How to connect Rabi frequency with absorption intensity? If a particle with non-degenerate spectrum starts in some eigenstate, and the frequency of the external EM field matches some transition frequency, then this would lead the particle to do periodic absorption and emission of the photons with Rabi frequency. But in real measurements we usually just see some more or less intense absorption.
What I don't quite understand is how do we relate the parameters of Rabi cycles like Rabi frequency to the intensity of absorption? Why do we in fact see any absorption at all if it's more or less compensated by emission? Shouldn't we shine the light for exactly $n$ Rabi periods plus a $\frac14$ of the period to get perfect absorption?
 A: 
What I don't quite understand is how do we relate the parameters of Rabi cycles like Rabi frequency to the intensity of absorption? Why do we in fact see any absorption at all if it's more or less compensated by emission? 

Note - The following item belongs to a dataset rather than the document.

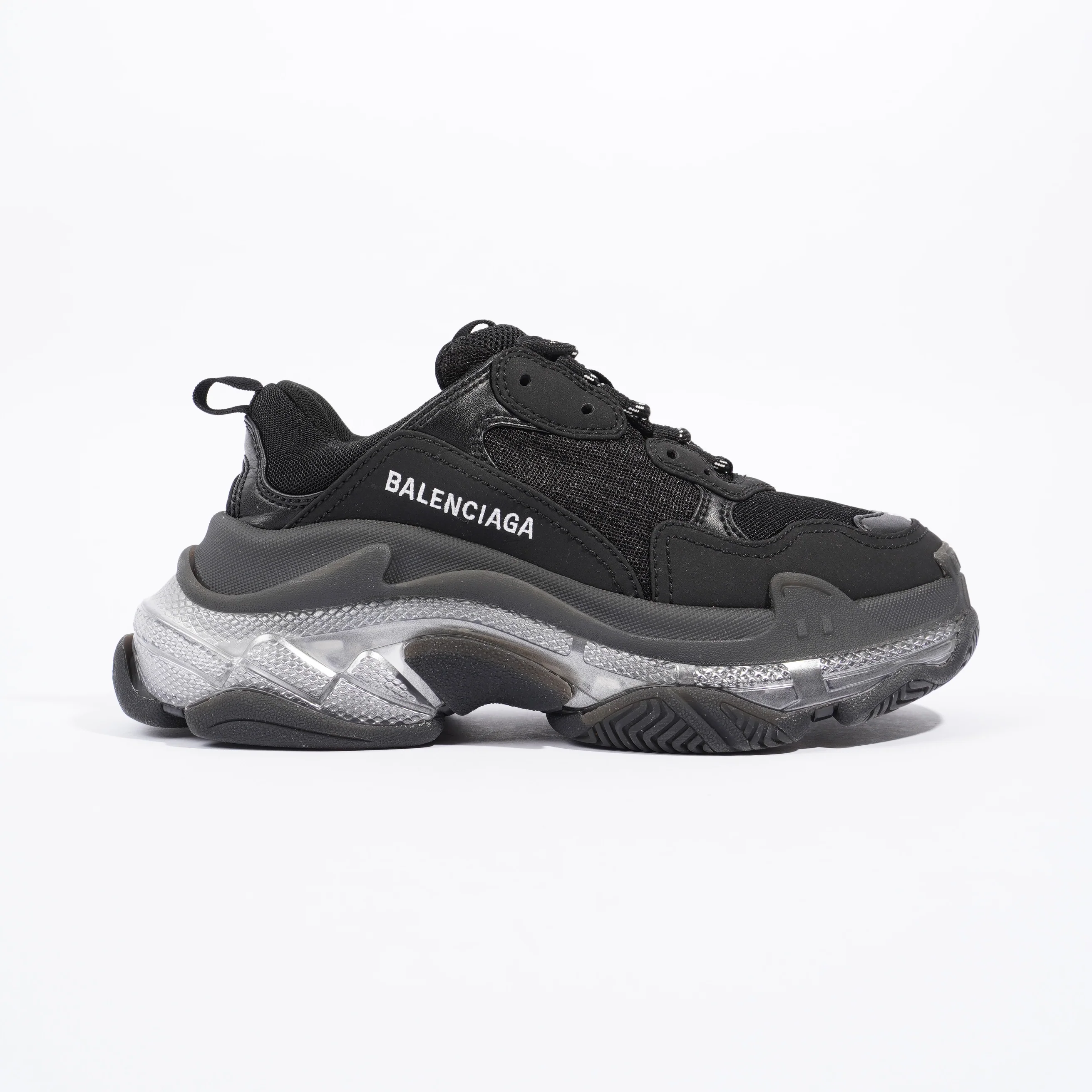 Balenciaga Triple S Clear Sole Black / White Mesh EU 37 UK 4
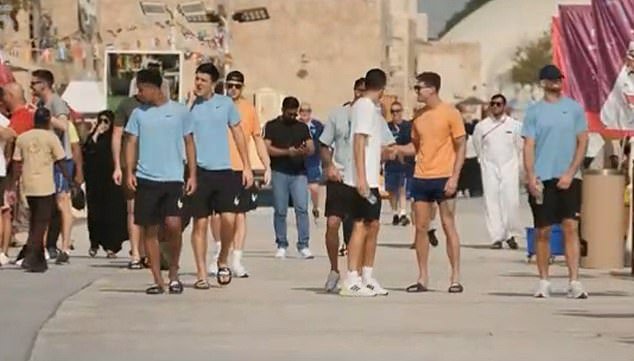 The players were made to wait for Phillips, who poses for photos with fans, as Nick Pope and Aaron Ramsdale walked slower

Rabi oscillation is a concept based on an approximate description of a single atom. This description does not include any irreversible element so it cannot by itself explain systematic absorption in medium.
If the model is to manifest behaviour consistent with systematic absorption of light, it has to include some form of friction - mechanism which allows the charge oscillations of the atoms to be not in phase with the external electric field. 

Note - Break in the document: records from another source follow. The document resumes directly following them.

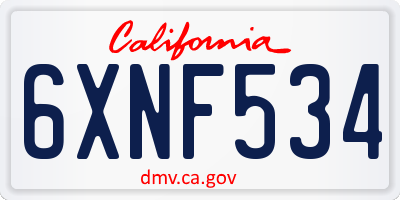 CA license plate 6XNF534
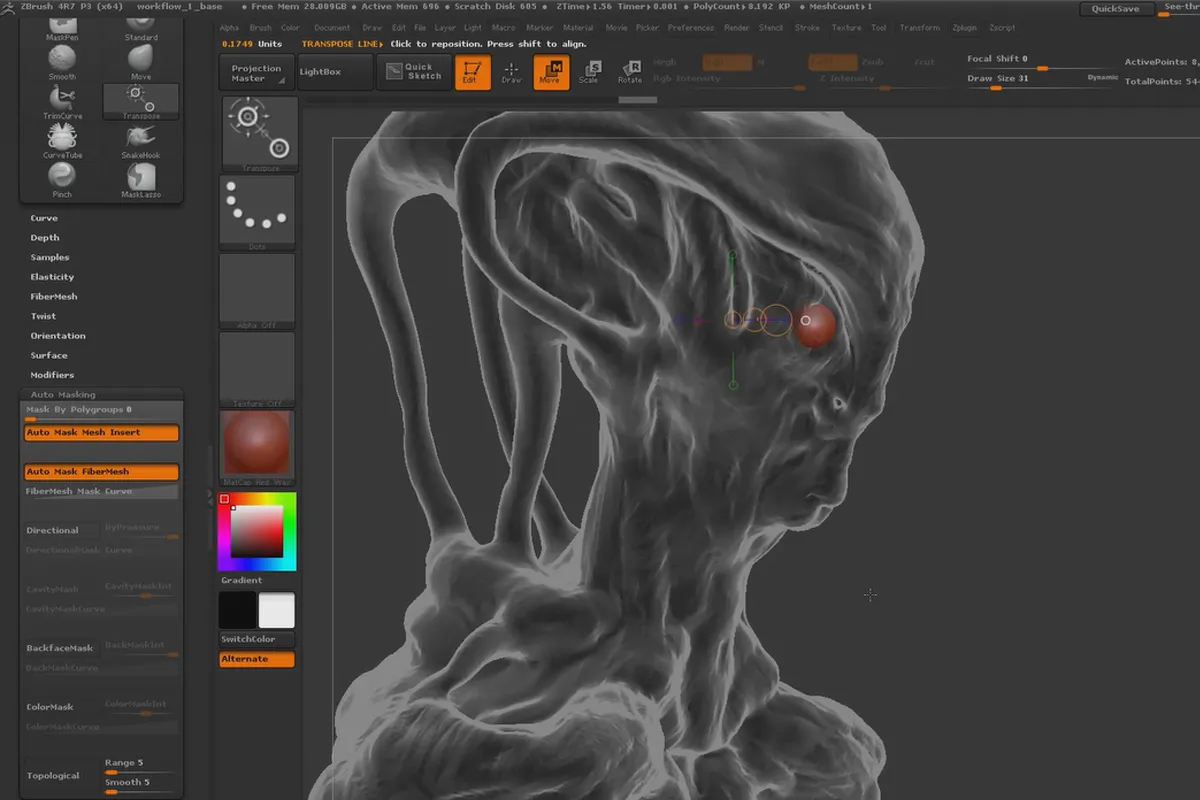 ZBrush 초보자를 위한: 10.1.2 Workflow I - 다이나메시 256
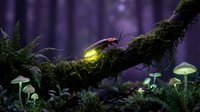 Glowing firefly on a mossy branch in a mystical purple forest with luminous mushrooms, creating an enchanting magical night scene.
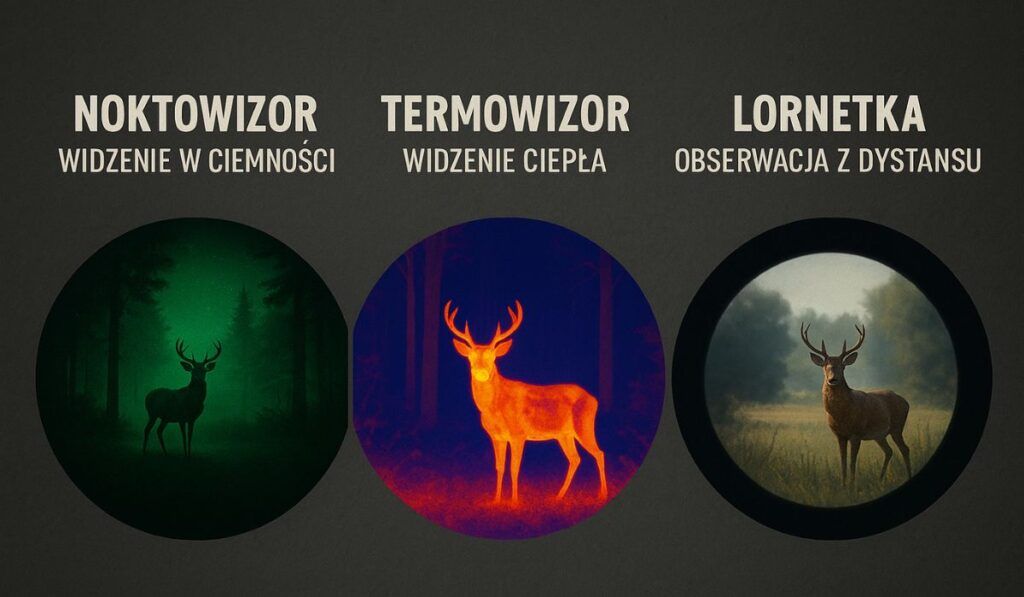 noktowizor termowizor lornetka - porównanie obrazu
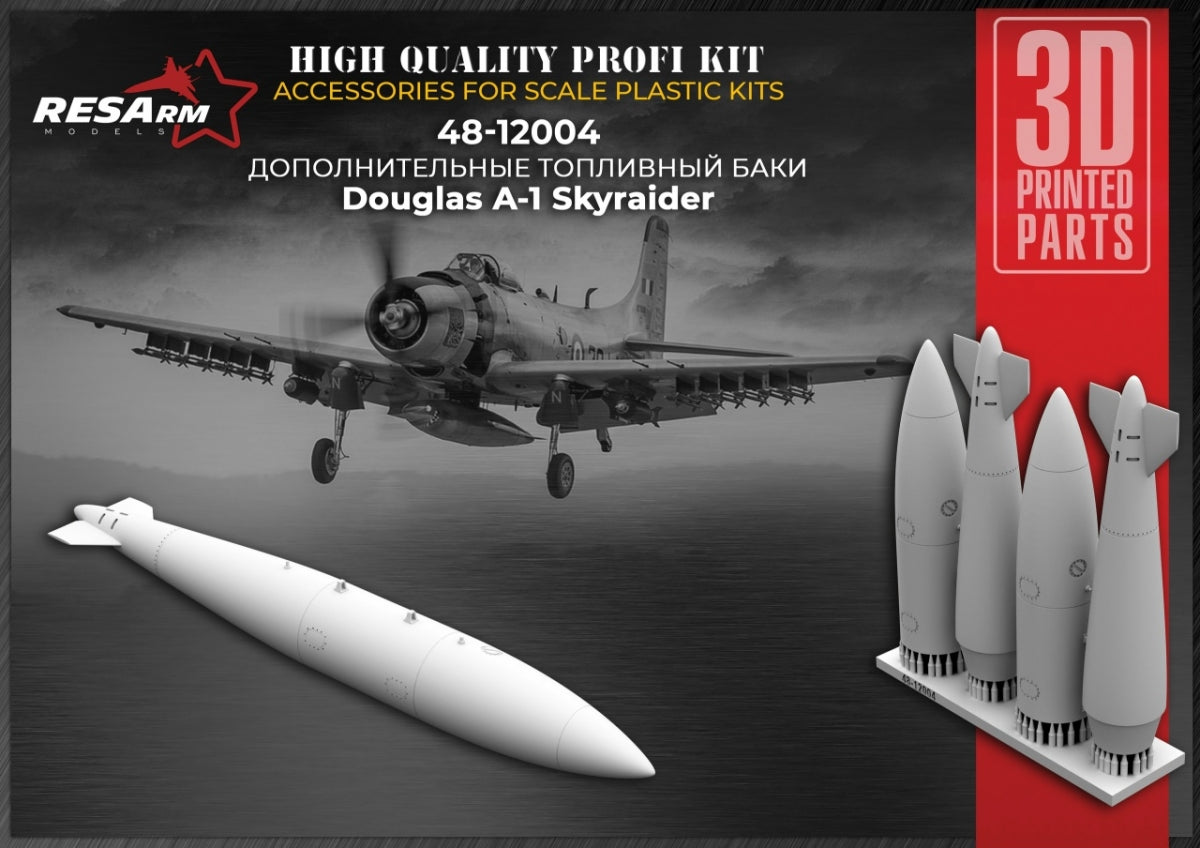 RESARM 48-12004 DROP TANK - Additional fuel tanks for Douglas A-1 Skyraider (3D resin printing) 1/48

One way to do this is to include mutual interaction of atoms in the medium into the description. The friction (and absorption) is then macroscopically visible result of the reversible interaction between charged particles.
Simpler but less accurate would be to just add some damping term into the Schroedinger (or equivalent) equation to make the oscillations of the atoms' electric moment lag in phase behind the external electric field.

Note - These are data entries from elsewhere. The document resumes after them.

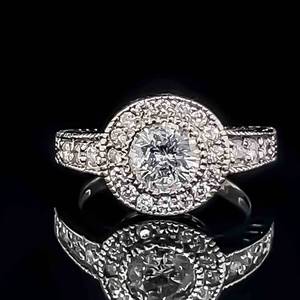 1.51ctw Round Diamond Halo Etched Milgrain Edge Engagement Ring in Platinum $6,999 Retail VIDEO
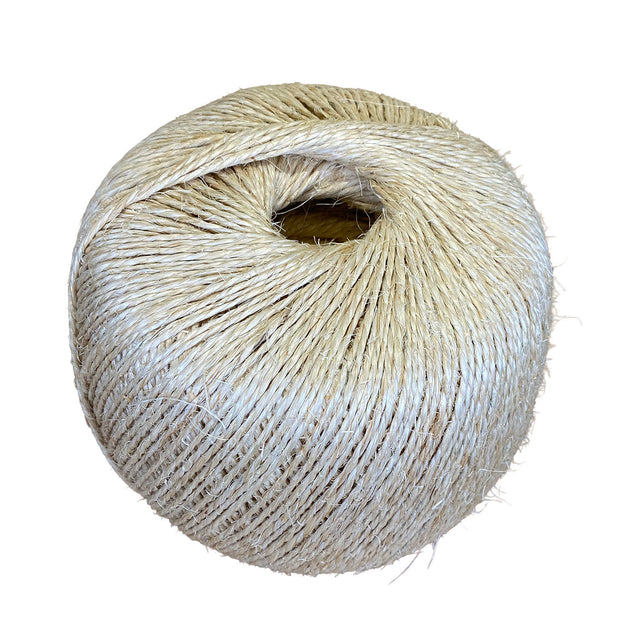 A ball of natural sisal twine, shown against a plain white background.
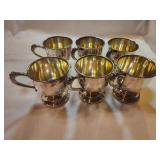 6 Silver on Copper Punch Bowl Cups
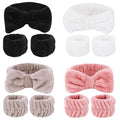 SPA Headbands for Washing Face Makeup Headbands with Bow Hair Band Women Facial Head Band Wrist Towel Wraps For Shower Face Mask Black Pink White, 12 Pack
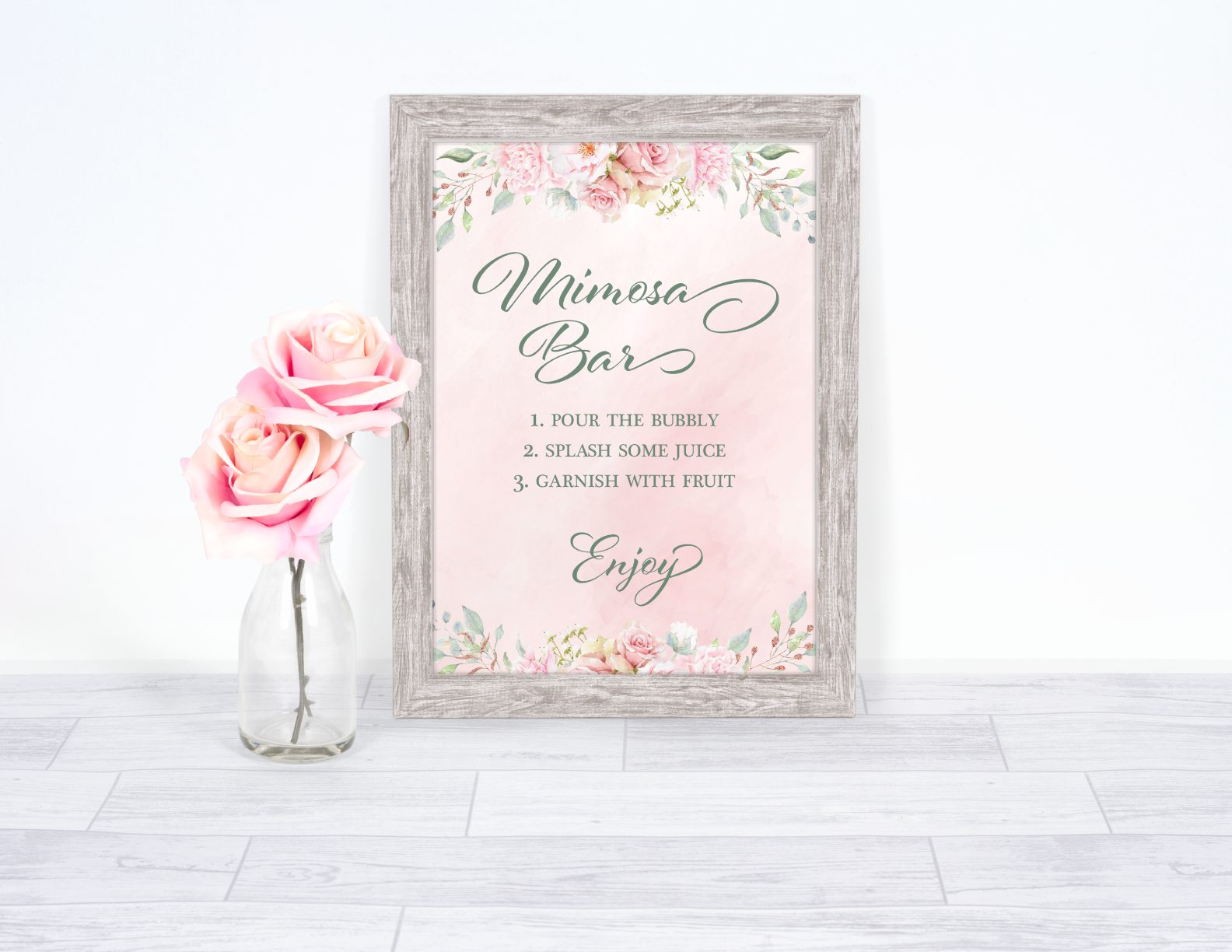 Mimosa Bar Sign But First Mimosas Banner Boho Floral Bridal Shower  Decorations R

Often all this is neglected and the absorption coefficient is obtained by a formal trick - assuming the atoms jump between discrete states irreversibly with probability given by the Fermi golden rule formula (see time-dependent perturbation theory). Then the absorption coefficient is calculated to be proportional to square of the transition dipole moment of the pair of eigenfunctions whose frequency of oscillation matches the external frequency. The absorption coefficient does not depend on the amplitude of the external electric field though, so it is not simply a function of the Rabi frequency.
A: Spontaneous emission rate ($\Gamma$) plays an important role. If $\Gamma=0$ than indeed one would excite atoms and de-excite back in ground state by stimulated emission with emission of photon in same direction. As a result as you pointed out one would not observe absorption. In real life spontaneous emission will lead to emission of photons in random direction and we see it as an absorption in experiment.
If you have that Rabi frequency > $\Gamma$ than one can excite atom by shinning the pulse of light during the 1/2 of the period(also known as $\pi$ pulse). Also one can put atom in superposition of ground and excited state when pulse area is $\pi/2$. This is an important part of many single atom experiments e.g. Ramsey interferometer.